In the late 1990s, TVR’s late owner Peter Wheeler began a project to bring his British rides to the Western endurance motor-racing circuit to race at places like Spa (Belgium), Sebring (Florida) and the grand-daddy of them all, the 24 hours of Le Mans (France). The result of this push was the T400R — aka the TVR Typhon— the fastest production TVR ever built.
TVR was barely on the radar when Wheeler bought the tiny company in 1980. Pretty soon, though, the wealthy chemical engineer turned the car company around with a range of dramatic cars that looked like no others and had performance to match. As the next generation of their big, powerful, front-engined 1960s forebears (think E-Types, Cobras, and Ferrari Daytonas), TVR’s looked pretty, ran rugged, and provided a hell of a fun driving experience.
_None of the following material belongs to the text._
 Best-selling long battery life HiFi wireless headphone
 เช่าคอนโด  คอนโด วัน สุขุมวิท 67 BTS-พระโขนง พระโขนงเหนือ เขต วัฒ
They also broke down a lot (according to Autocar). The T400R, though, needed to be stable. Constructed using modern composites more rigid than any previous TVR, the car was designed to maintain stability and speed to cover the greatest distance over 24 hours on Le Mans’ notorious Mulsanne Straight. What started as the TuscanR resulted in the 200 mph-plus Typhon, the swiftest and most expensive production car in TVR’s history.
Built at its Blackpool, Britain factory between 2000 and 2006, TVR manufactured only three Typhons. In order to complete the overseeing Fédération Internationale de l’Automobile’s homologation (technical approval) requirements, the TVR needed to sell a road-going version. Hence, the company ended up building a total of four cars: Three Typhon road racing
Aside from being a one-off vehicle, what makes the T440R special is its engine. The 4.2-liter naturally aspirated (as opposed to a forced air turbo) straight-six cylinder borrowed much of its running gear from its Typhon race car brethren, including a gas-flowed cylinder head, steel crankshaft and connecting rods, a carbon airbox, sequential fuel injection, and bespoke exhaust headers. According to the Pistonheads ad, the motor was detuned to 440 horsepower to make it durable enough for road use.
Of course, the car still looks and sounds like a muscled beast. The chassis is made from bonded aluminum and carbon fiber, with carbon bodywork throughout in order to make it as light and agile as possible. In 2003, TVR claimed a T440R zero-to-60 time under four seconds and a top speed of 200 mph.
The car is currently listed for sale on Pistonheads via The Autolounge, a Scotland-based dealership, with an asking price of £192,990 (roughly $264,000 at current exchange rates). It won’t be legal to import into the U.S. for another seven years, so any American who forks over the flow to purchase this car should have enough left over to stash it in Europe in the meantime.